◆ Work to complete ◆
Copy out the data in full and exactly, passing over the pictures.

◆ Data section ◆

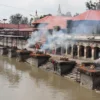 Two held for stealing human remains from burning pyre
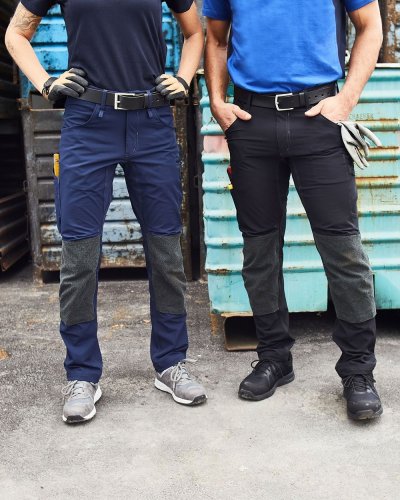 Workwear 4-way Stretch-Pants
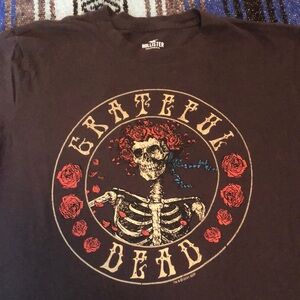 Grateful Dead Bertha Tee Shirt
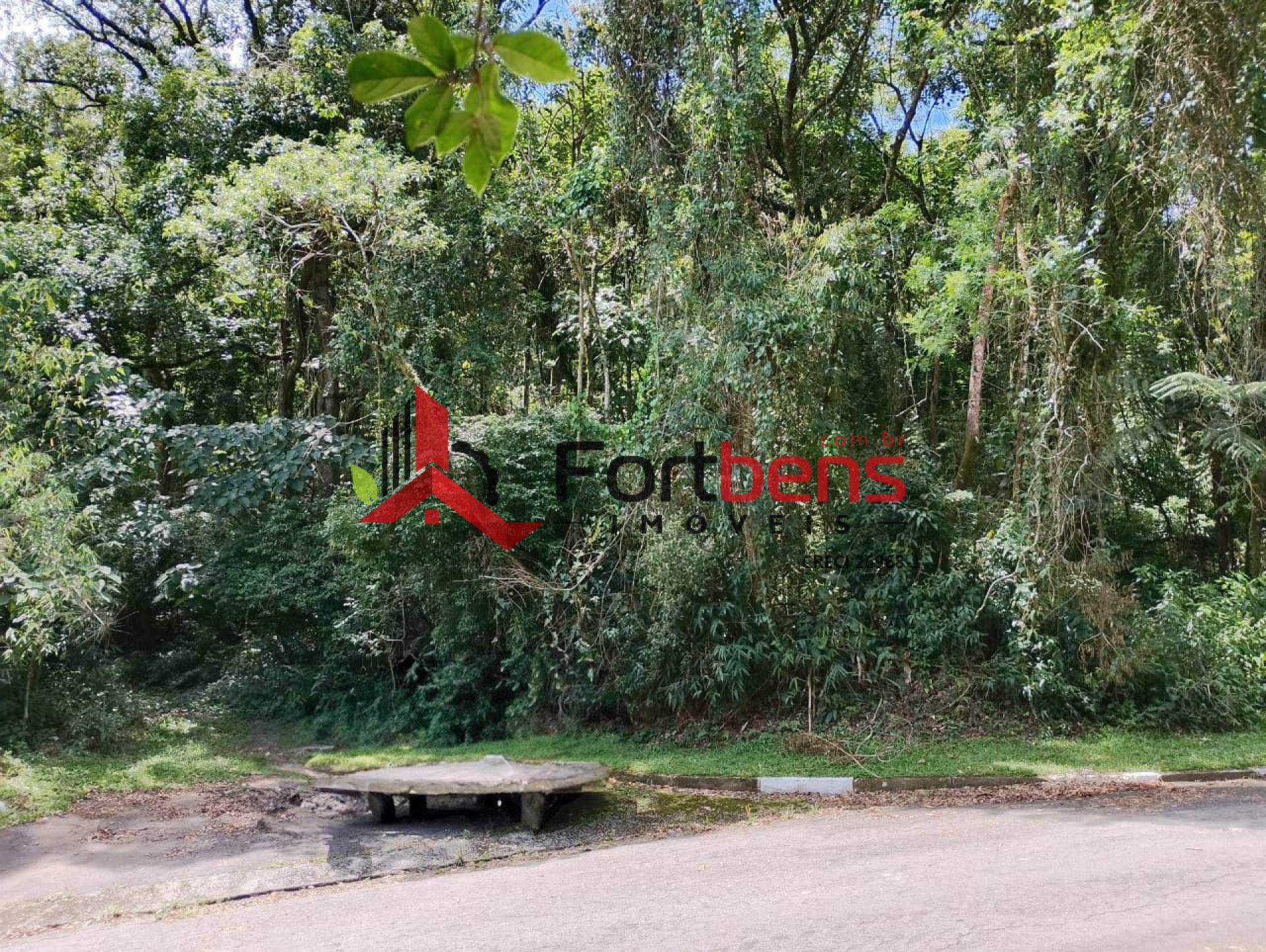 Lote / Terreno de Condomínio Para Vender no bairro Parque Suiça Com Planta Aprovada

◆ Problem solution ◆
 Two held for stealing human remains from burning pyre
 Workwear 4-way Stretch-Pants
 Grateful Dead Bertha Tee Shirt
 Lote / Terreno de Condomínio Para Vender no bairro Parque Suiça Com Planta Aprovada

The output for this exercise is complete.